Kirby J went on to refer to the public benefit to be derived from reports of the privileged kind. It is to be noted that in the passage quoted that he confines himself to saying that, where the publication goes beyond a report, the privilege “may” be entirely lost. He said that excessive commentary or misleading headlines “run the risk” of depriving the text of the quality of fairness essential to attract the privilege.
In the light of those authorities it appears to me that I must first decide what was the effect of what Mr Robinson said in his speech in the House. I must then decide whether the extraneous material added by the newspaper in the article has the effect of rendering the article as a whole substantially lacking in the qualities of fairness and accuracy on which the privilege depends. The answer to the latter question depends on the three considerations to which I have alluded at paragraph 46 above, namely the extent of the extraneous non-privileged material added; the extricability or severability of that material (i.e the extent to which it would be distinguishable by the reader from the reportage strictly so-called); and the degree of connection between the privileged material and the extraneous additional material.
Conclusion on the privilege issue
The Hansard report makes clear that the theme of Mr Robinson’s speech in Parliament was one of opposition to the precipitate restoration of Parliamentary allowances to Sinn Fein MPs. The ground of that opposition is broadly the continued involvement of members of the Provisional IRA in money laundering and other criminal activity. Mr Robinson introduces the name of Mr Curistan in this passage:
“It has now been revealed that, over several years, senior IRA figures have accumulated massive wealth. Its finance director, Des Mackin now owns property worth more than £1.75 million. He has a conviction for IRA membership in the mid-1980s and served as Sinn Fein’s treasurer. He, along with the Belfast tycoon, Peter Curistan, are the two co-directors of numerous companies, seven of which were prosecuted in the District Court in Dublin recently for failing to keep proper accounts.
Instead of rewarding republicans for criminality, the Government should address the involvement of such men in government initiatives. Curistan is the key private sector investor behind Belfast’s flagship £100 million Odyssey centre in my East Belfast constituency. Many of us have been aware of Mr Curistan and his business activity and, until recently, I believe that most people believed that they were legitimate. Given recent reports, I believe they will consider that that is not the case. His Sheridan Group was awarded a massive development contract in June 2005 by the Laganside Corporation, which is a public body, for residential provision, offices, a hotel, niche retail outlets, waterfront cafes and other leisure facilities, together with parking. When he winds up will the Secretary of State ensure that the activities of the Sheridan Group and its association with the IRA’s “dirty money” are fully investigated?

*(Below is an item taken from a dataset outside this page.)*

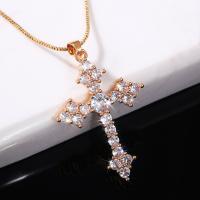 Cubic Zircon Micro Pave Brass Necklace Cross gold color plated micro pave cubic zirconia & for woman nickel lead & cadmium free 39mm Length Approx 40 cm Sold By PC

Will he guarantee that no further public money is channelled in its direction until, if ever, it gets a clean bill of health?”
It seems to me to be clear that, in what he said in Parliament, Mr Robinson is accusing the claimant of being associated with IRA “dirty money”, i.e. with laundering money for the IRA. The reference to “such men” being involved in government initiatives must be a reference to the claimant and to Mr Mackin, both of whom Mr Robinson had mentioned moments earlier. Moreover Mr Robinson refers to “recent reports” showing that it is not the case that the claimant and his business activities are legitimate.
It is true that Mr Robinson calls for an investigation. But I think that his audience would have understood that the investigation for which he called was designed to expose the claimant’s criminality (as he saw it) rather than to discover if he had been guilty of criminality.
As I have already pointed out at paragraph 45 above, Mr Parkes maintains that the Sunday Times report of what Mr Robinson said is neither fair nor accurate. Certainly the report is not complete. I have to bear in mind that “a reporter is in principle allowed to summarise and to be selective without losing the benefit of the privilege. It is not suggested that in themselves these parts of the article are unfair.”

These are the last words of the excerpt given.